Colin Thubron (born June 14, 1939, London, England) is a British travel writer and novelist whose works, often set in foreign locales, explore love, memory, and the loss of faith as well as the differences between the ideal and the real.
After attending Eton College, Thubron worked as an editor at publishing houses in London and New York City. In 1965 he became a freelance documentary filmmaker and writer. Thubron’s books about the Middle East, including Mirror to Damascus (1967) and Journey into Cyprus (1975), established him as a travel writer of original sensibility. Another travel book, Among the Russians (1983; U.S. title, Where Nights Are Longest), chronicles a 10,000-mile (16,000-km) journey by car across what was then the Soviet Union; it was praised for its richly textured descriptions of Russian life. The Lost Heart of Asia (1994), In Siberia (1999), and Shadow of the Silk Road (2006) describe Thubron’s journeys through the lands of Central Asia.
Thubron’s gift for capturing the character of the countries he observed translated well into fiction. The setting of his third novel, A Cruel Madness (1984), is an insane asylum, where the narrator, a patient, searches for a woman with whom he once had an affair.

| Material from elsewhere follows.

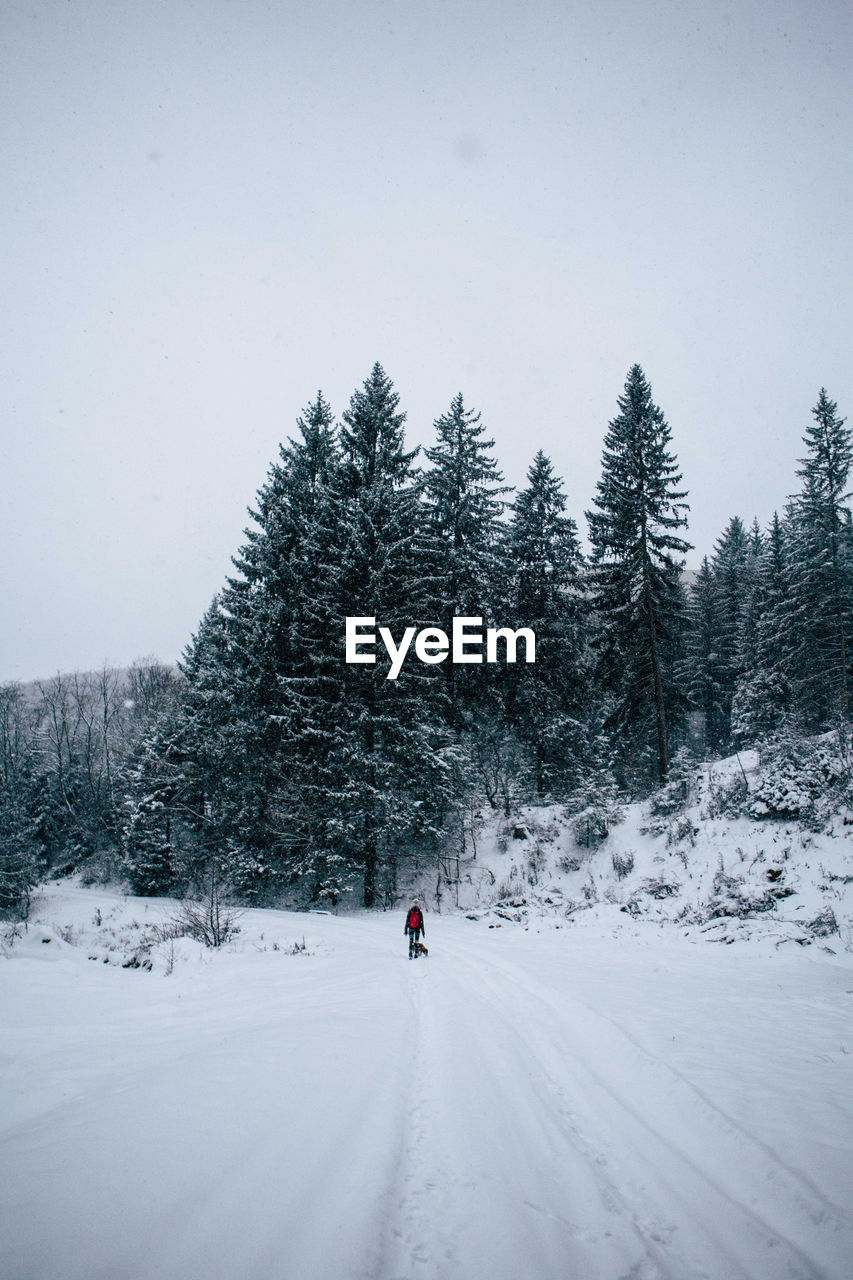 Man on snow covered trees against sky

Falling (1989) involves a paralyzed trapeze artist who begs her lover to kill her. The allegorical 1991 novel Turning Back the Sun has been compared to the novels of Graham Greene. Other fictional works by Thubron included Emperor (1978), Distance (1996), To the Last City (2002), and Night of Fire (2016). In 2006 he was made a Commander of the Order of the British Empire (CBE).